Tanggung Jawab atau Kursi? Pilihan Berat Pejabat di Tengah Duka Sumatra

- Sabtu, 06 Desember 2025 | 15:50 WIB
Tanggung Jawab atau Kursi? Pilihan Berat Pejabat di Tengah Duka Sumatra

Ia akan menyampaikan duka mendalam untuk korban. Kata-katanya dipilih hati-hati, penuh empati, bukan sekadar formalitas. Ia akan bicara tentang keluarga yang kehilangan, tentang relawan yang tak kenal lelah. Ia akan mengakui bahwa bencana ini adalah pukulan bagi bangsa, dan pukulan terberat baginya adalah menyadari sistem yang ia pimpin ternyata belum cukup baik.

Lalu, ia akan menuliskan kejujuran yang mengganggu tidurnya: bahwa ia bukan lagi orang yang tepat untuk memimpin pemulihan. Bukan karena tak peduli, tapi karena mungkin dibutuhkan wajah baru dengan perspektif berbeda. Ia tak ingin jadi penghalang perubahan hanya karena gengsi.

Tentu, keputusan ini tak akan mudah. Akan ada spekulasi, kritik pedas. Ada yang bilang ia lari dari masalah, ada yang anggap itu drama, ada yang baca sebagai langkah politik culas. Tapi baginya, semua omongan itu tak sebanding dengan luka setiap kali membaca laporan korban baru.

Dalam suratnya, ia akan menegaskan bahwa mundur bukan akhir pengabdian. Ia berjanji akan tetap membantu pemulihan, memberi masukan, dan hadir di tengah masyarakat sebagai warga biasa yang peduli. Pengabdian, baginya, tak berhenti di pintu kantor menteri.

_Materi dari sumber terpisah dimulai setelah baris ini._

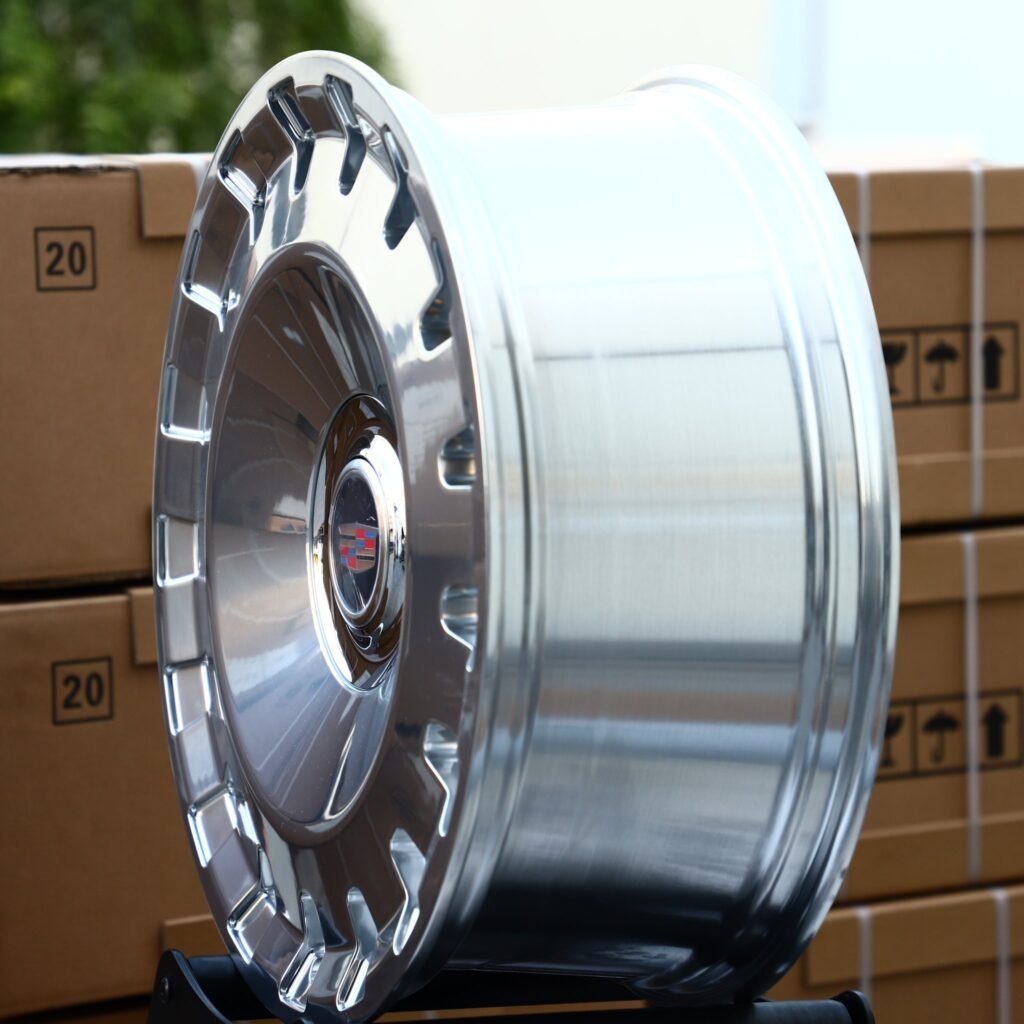 5x120 wheels – Matte Silver Full-Face (Cadillac OEM-Style), side view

Surat itu mungkin akan dibacanya berulang kali. Lalu, dengan tangan sedikit bergetar bukan karena ragu, tapi karena lega ia akan membubuhkan tanda tangan. Beban yang menggunung itu perlahan luruh.

Berjalan menyusuri lorong panjang untuk menyerahkan surat itu, setiap langkahnya terasa berbeda. Lebih pelan, tapi lebih mantap. Ia mungkin akan dikenang bukan karena jabatannya, tapi karena keputusan berani yang diambil hari ini. Bukan kekalahan, tapi keberanian moral.

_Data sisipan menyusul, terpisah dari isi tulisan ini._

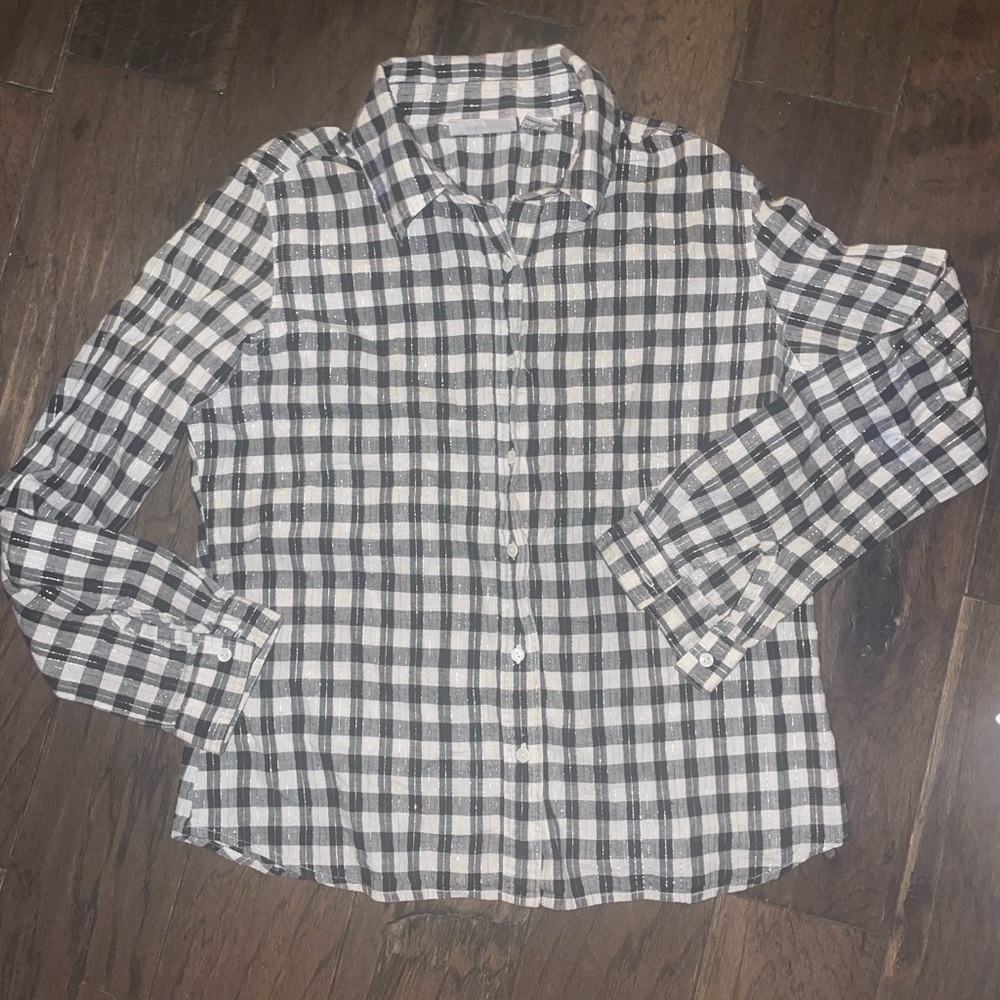 Angee ; Black White & Shimmer Silver Plaid Button Down Shirt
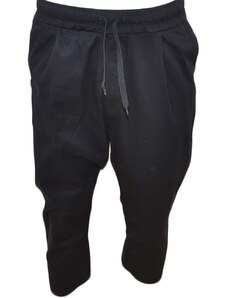 Malu Shoes Pantaloni modello etnico uomo nero con molla in vita e laccio comodo casual moda uomo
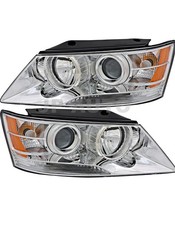Driver & Passenger Side Headlights For Hyundai Sonata 2009-2010 Halogen W/ Bulbs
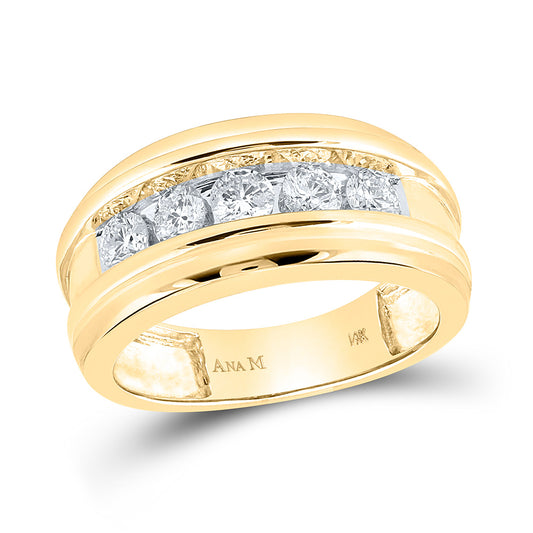 14kt Yellow Gold Mens Round Diamond Wedding Channel Set Band Ring 1 Cttw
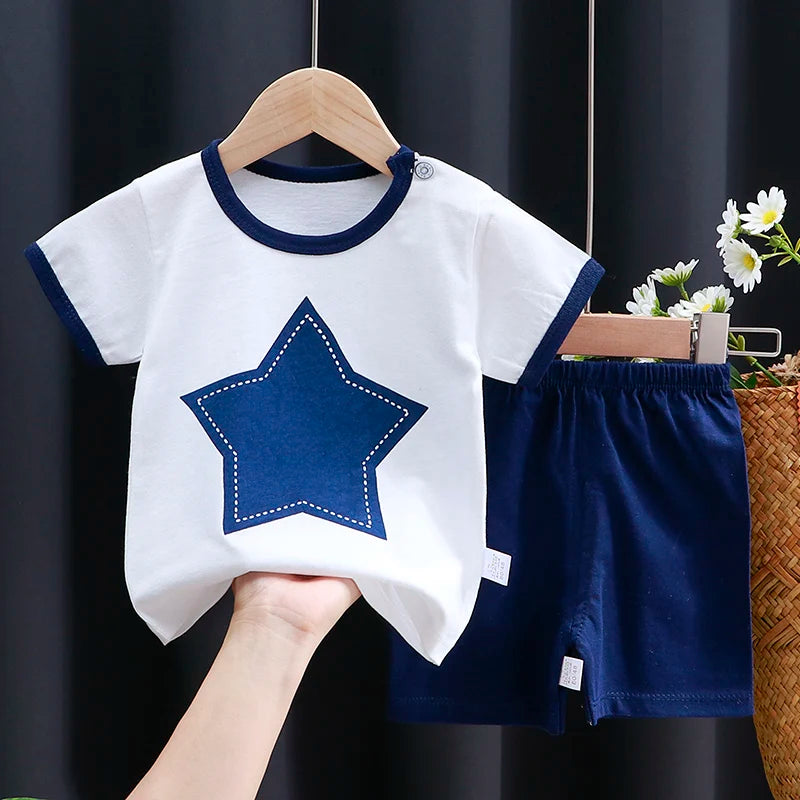 Kids Cotton T-Shirt & Shorts Set – Unisex Summer Outfit | 6M–4Y - photo 12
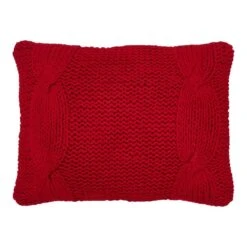 12x16 Cable Knit Sweater Pillow Red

Di depan pintu, ia mungkin berhenti sejenak, menarik napas, dan tersenyum kecil. Untuk pertama kalinya sejak bencana terjadi, ia yakin ini hal yang benar. Ia menutup mata, lalu membukanya dengan ketegasan baru.

Keputusan telah diambil. Di tengah duka bangsa, ia berharap langkah kecil ini bisa jadi awal pemulihan yang lebih besar. Karena kadang, untuk membangun sesuatu kembali, kita harus berani melepaskan apa yang selama ini kita genggam terlalu erat.

Tapi semua itu hanya bayangan. Kenyataannya? Sampai detik ini belum ada satu pun yang mundur. Bukan karena mereka ingin berdamai dengan hati nurani, tapi sepertinya, rasa malu pun sudah tak ada. Mereka masih tetap bisa berkutat di kursinya, sambil sesekali koar-koar.